_BRIEF_: Could you please write out the data shown below, exactly and in full?

_Dataset entries_:
*-*-*
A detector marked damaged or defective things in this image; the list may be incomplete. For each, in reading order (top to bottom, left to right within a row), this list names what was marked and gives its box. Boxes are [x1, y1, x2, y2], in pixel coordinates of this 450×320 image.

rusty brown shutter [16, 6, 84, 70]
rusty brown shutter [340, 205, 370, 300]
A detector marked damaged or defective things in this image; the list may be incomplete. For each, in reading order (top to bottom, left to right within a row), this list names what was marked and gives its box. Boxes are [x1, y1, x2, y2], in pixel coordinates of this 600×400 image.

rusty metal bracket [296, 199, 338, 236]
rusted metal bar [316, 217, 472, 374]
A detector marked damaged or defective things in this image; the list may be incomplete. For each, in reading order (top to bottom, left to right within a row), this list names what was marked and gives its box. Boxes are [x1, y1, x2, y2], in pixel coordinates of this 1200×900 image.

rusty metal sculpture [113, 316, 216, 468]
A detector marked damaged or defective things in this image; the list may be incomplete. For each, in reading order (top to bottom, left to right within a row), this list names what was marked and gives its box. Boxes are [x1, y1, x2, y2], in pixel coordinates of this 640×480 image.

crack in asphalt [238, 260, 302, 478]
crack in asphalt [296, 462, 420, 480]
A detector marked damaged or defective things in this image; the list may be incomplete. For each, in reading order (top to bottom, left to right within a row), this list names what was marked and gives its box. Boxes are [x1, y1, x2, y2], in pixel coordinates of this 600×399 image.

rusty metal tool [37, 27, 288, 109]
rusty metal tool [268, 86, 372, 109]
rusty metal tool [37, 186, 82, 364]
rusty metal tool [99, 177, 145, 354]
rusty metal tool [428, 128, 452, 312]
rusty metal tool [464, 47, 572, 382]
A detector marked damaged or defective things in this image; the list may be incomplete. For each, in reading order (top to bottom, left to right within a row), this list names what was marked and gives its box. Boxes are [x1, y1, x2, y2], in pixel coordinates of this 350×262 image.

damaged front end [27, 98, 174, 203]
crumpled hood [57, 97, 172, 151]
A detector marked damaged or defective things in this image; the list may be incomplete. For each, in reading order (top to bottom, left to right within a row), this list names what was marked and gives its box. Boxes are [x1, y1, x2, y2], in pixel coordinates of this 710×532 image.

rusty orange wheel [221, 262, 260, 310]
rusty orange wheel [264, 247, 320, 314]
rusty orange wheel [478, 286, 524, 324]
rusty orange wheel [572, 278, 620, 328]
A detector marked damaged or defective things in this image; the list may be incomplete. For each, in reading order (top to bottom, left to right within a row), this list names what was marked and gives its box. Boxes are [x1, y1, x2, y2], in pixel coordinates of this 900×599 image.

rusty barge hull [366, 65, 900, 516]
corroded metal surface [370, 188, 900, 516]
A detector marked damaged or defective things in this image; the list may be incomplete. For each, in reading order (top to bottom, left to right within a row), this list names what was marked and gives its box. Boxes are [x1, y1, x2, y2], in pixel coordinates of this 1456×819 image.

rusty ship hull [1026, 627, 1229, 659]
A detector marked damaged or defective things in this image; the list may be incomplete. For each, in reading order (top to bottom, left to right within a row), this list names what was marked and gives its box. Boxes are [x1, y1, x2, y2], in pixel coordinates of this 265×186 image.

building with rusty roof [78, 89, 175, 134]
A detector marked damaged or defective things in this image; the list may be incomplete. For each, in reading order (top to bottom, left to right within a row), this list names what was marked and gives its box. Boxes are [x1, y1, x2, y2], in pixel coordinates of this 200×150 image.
*-*-*
_SOLUTION TO THIS EXERCISE_:
A detector marked damaged or defective things in this image; the list may be incomplete. For each, in reading order (top to bottom, left to right within a row), this list names what was marked and gives its box. Boxes are [x1, y1, x2, y2], in pixel coordinates of this 450×320 image.

rusty brown shutter [16, 6, 84, 70]
rusty brown shutter [340, 205, 370, 300]
A detector marked damaged or defective things in this image; the list may be incomplete. For each, in reading order (top to bottom, left to right within a row), this list names what was marked and gives its box. Boxes are [x1, y1, x2, y2], in pixel coordinates of this 600×400 image.

rusty metal bracket [296, 199, 338, 236]
rusted metal bar [316, 217, 472, 374]
A detector marked damaged or defective things in this image; the list may be incomplete. For each, in reading order (top to bottom, left to right within a row), this list names what was marked and gives its box. Boxes are [x1, y1, x2, y2], in pixel coordinates of this 1200×900 image.

rusty metal sculpture [113, 316, 216, 468]
A detector marked damaged or defective things in this image; the list may be incomplete. For each, in reading order (top to bottom, left to right within a row), this list names what was marked and gives its box. Boxes are [x1, y1, x2, y2], in pixel coordinates of this 640×480 image.

crack in asphalt [238, 260, 302, 478]
crack in asphalt [296, 462, 420, 480]
A detector marked damaged or defective things in this image; the list may be incomplete. For each, in reading order (top to bottom, left to right within a row), this list names what was marked and gives its box. Boxes are [x1, y1, x2, y2], in pixel coordinates of this 600×399 image.

rusty metal tool [37, 27, 288, 109]
rusty metal tool [268, 86, 372, 109]
rusty metal tool [37, 186, 82, 364]
rusty metal tool [99, 177, 145, 354]
rusty metal tool [428, 128, 452, 312]
rusty metal tool [464, 47, 572, 382]
A detector marked damaged or defective things in this image; the list may be incomplete. For each, in reading order (top to bottom, left to right within a row), this list names what was marked and gives its box. Boxes are [x1, y1, x2, y2], in pixel coordinates of this 350×262 image.

damaged front end [27, 98, 174, 203]
crumpled hood [57, 97, 172, 151]
A detector marked damaged or defective things in this image; the list may be incomplete. For each, in reading order (top to bottom, left to right within a row), this list names what was marked and gives its box. Boxes are [x1, y1, x2, y2], in pixel coordinates of this 710×532 image.

rusty orange wheel [221, 262, 260, 310]
rusty orange wheel [264, 247, 320, 314]
rusty orange wheel [478, 286, 524, 324]
rusty orange wheel [572, 278, 620, 328]
A detector marked damaged or defective things in this image; the list may be incomplete. For each, in reading order (top to bottom, left to right within a row), this list names what was marked and gives its box. Boxes are [x1, y1, x2, y2], in pixel coordinates of this 900×599 image.

rusty barge hull [366, 65, 900, 516]
corroded metal surface [370, 188, 900, 516]
A detector marked damaged or defective things in this image; the list may be incomplete. For each, in reading order (top to bottom, left to right within a row), this list names what was marked and gives its box. Boxes are [x1, y1, x2, y2], in pixel coordinates of this 1456×819 image.

rusty ship hull [1026, 627, 1229, 659]
A detector marked damaged or defective things in this image; the list may be incomplete. For each, in reading order (top to bottom, left to right within a row), this list names what was marked and gives its box. Boxes are [x1, y1, x2, y2], in pixel coordinates of this 265×186 image.

building with rusty roof [78, 89, 175, 134]
A detector marked damaged or defective things in this image; the list may be incomplete. For each, in reading order (top to bottom, left to right within a row), this list names what was marked and gives its box. Boxes are [x1, y1, x2, y2], in pixel coordinates of this 200×150 image.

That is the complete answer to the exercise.